● **DIRECTIONS**
In the data below, find the line with "Striped woven cotton" and output it along with every later line, exactly, but not the pictures.

------------------------------------------------------------------------

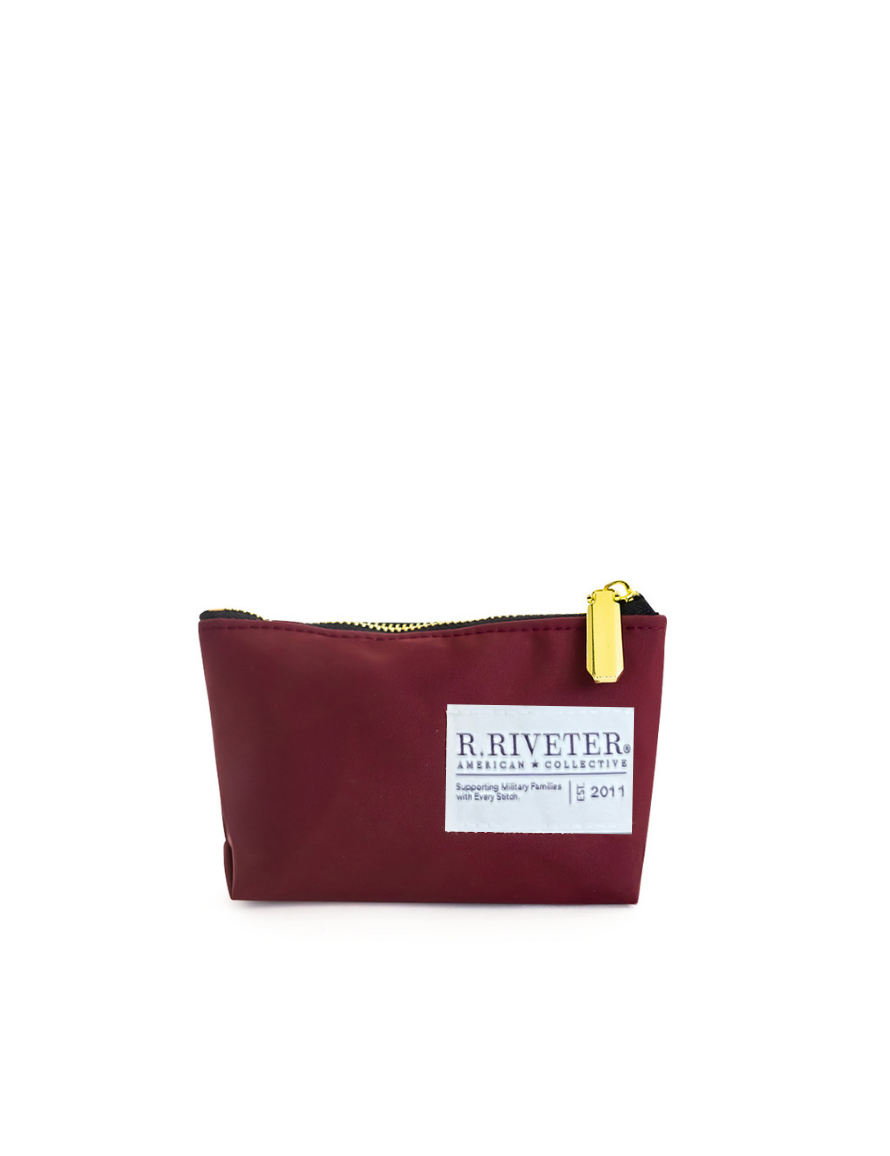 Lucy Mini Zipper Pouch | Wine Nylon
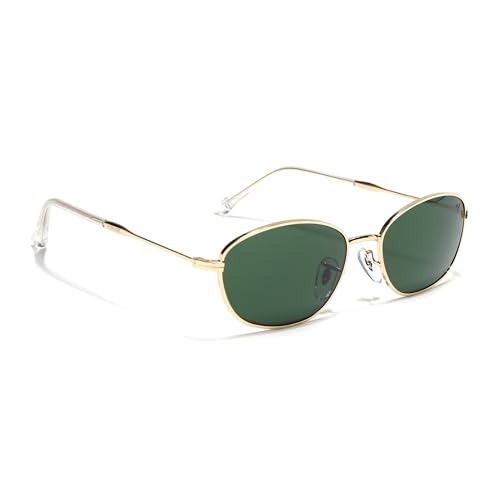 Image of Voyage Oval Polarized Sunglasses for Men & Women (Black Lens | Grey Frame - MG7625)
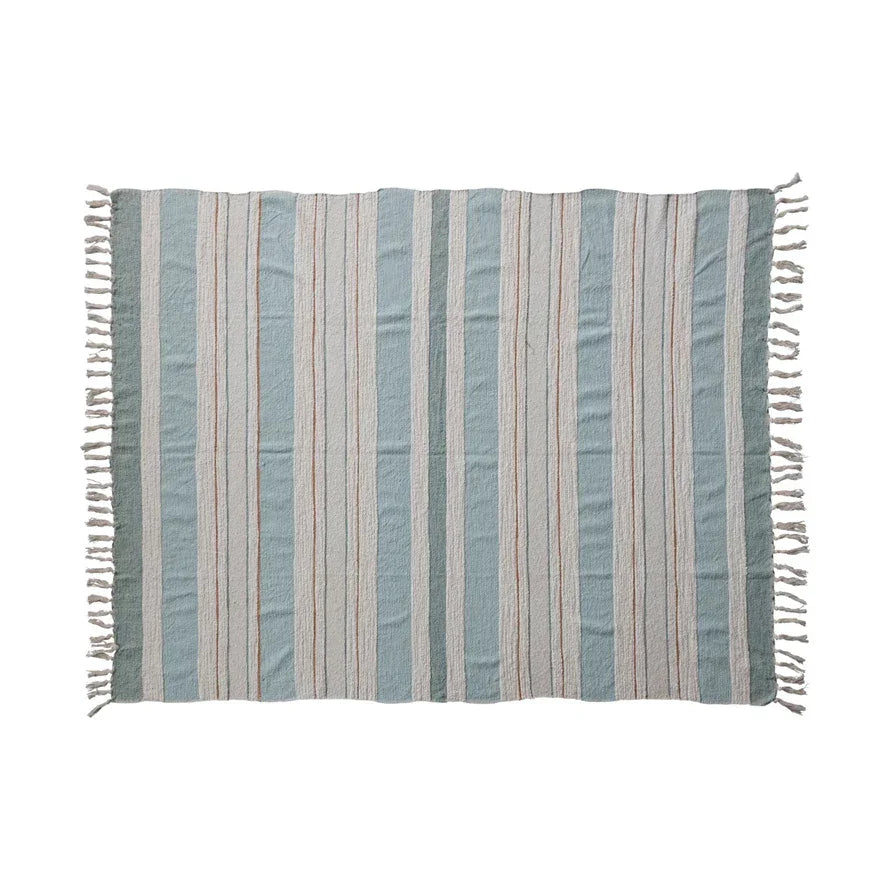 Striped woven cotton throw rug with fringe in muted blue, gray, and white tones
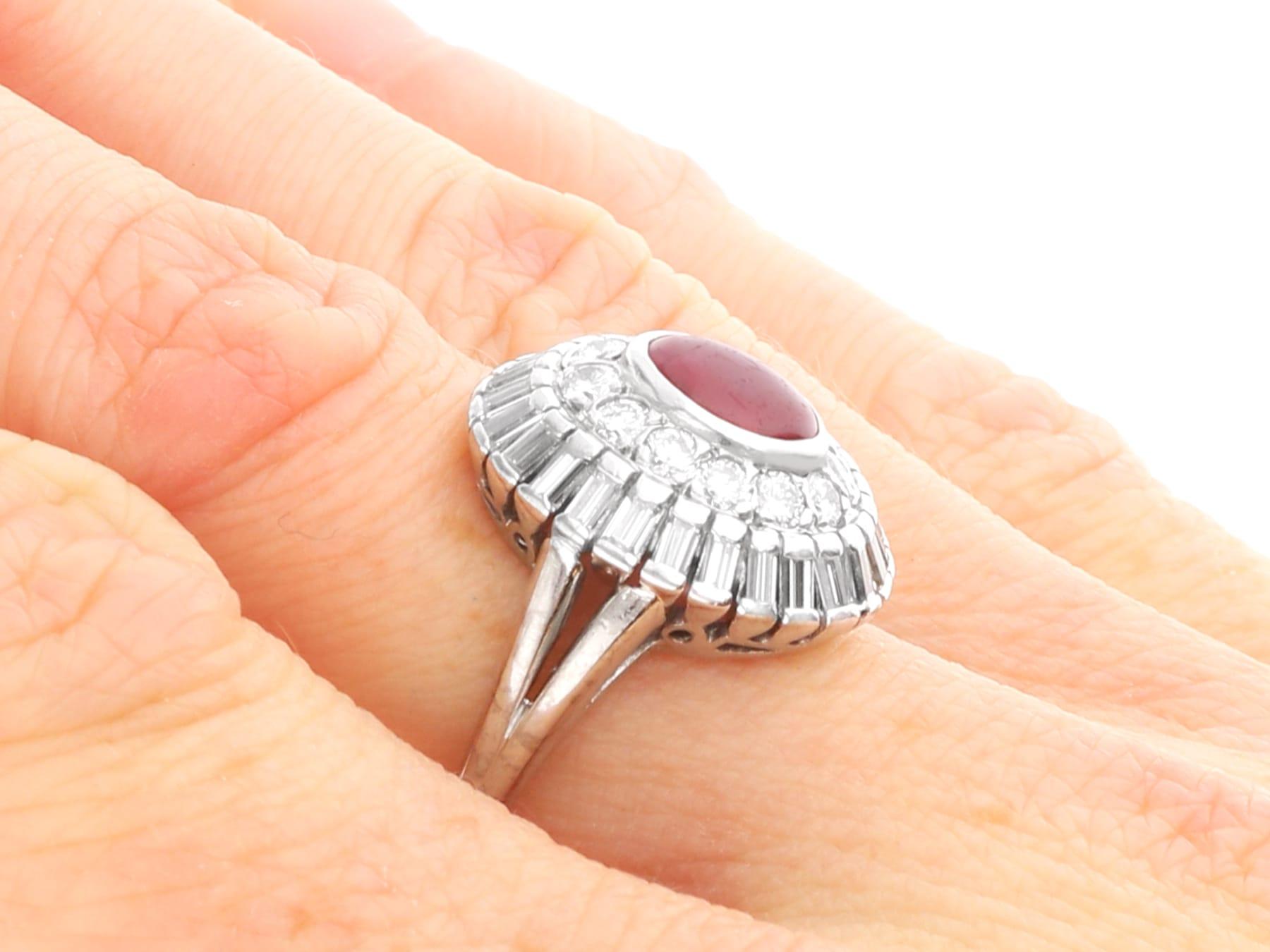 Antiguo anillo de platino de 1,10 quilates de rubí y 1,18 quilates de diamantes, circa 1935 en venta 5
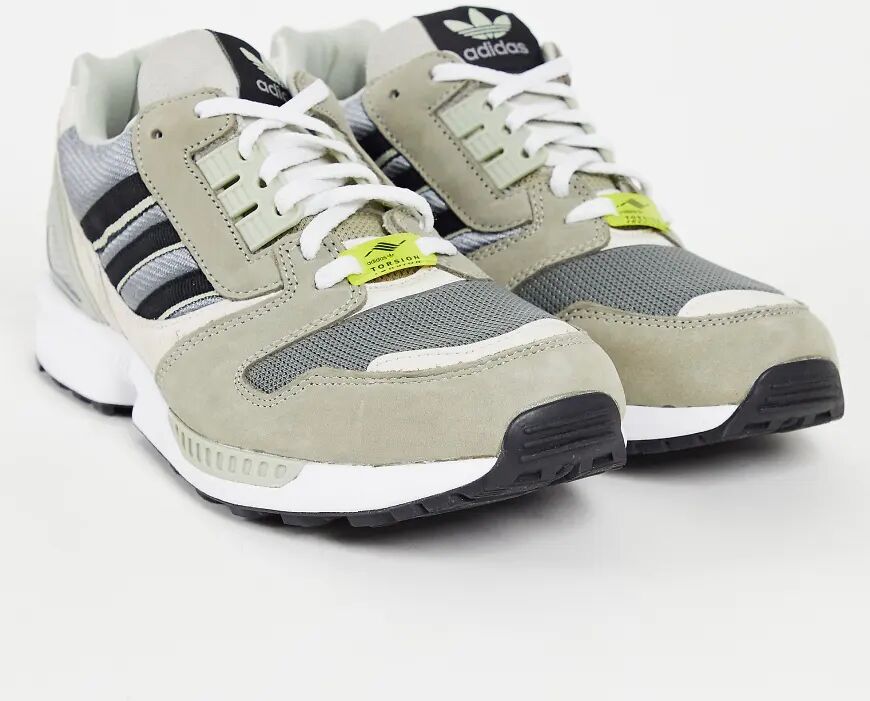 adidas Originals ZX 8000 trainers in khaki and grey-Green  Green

------------------------------------------------------------------------

● **RESPONSE TO THIS TASK**
 Striped woven cotton throw rug with fringe in muted blue, gray, and white tones
 Antiguo anillo de platino de 1,10 quilates de rubí y 1,18 quilates de diamantes, circa 1935 en venta 5
 adidas Originals ZX 8000 trainers in khaki and grey-Green  Green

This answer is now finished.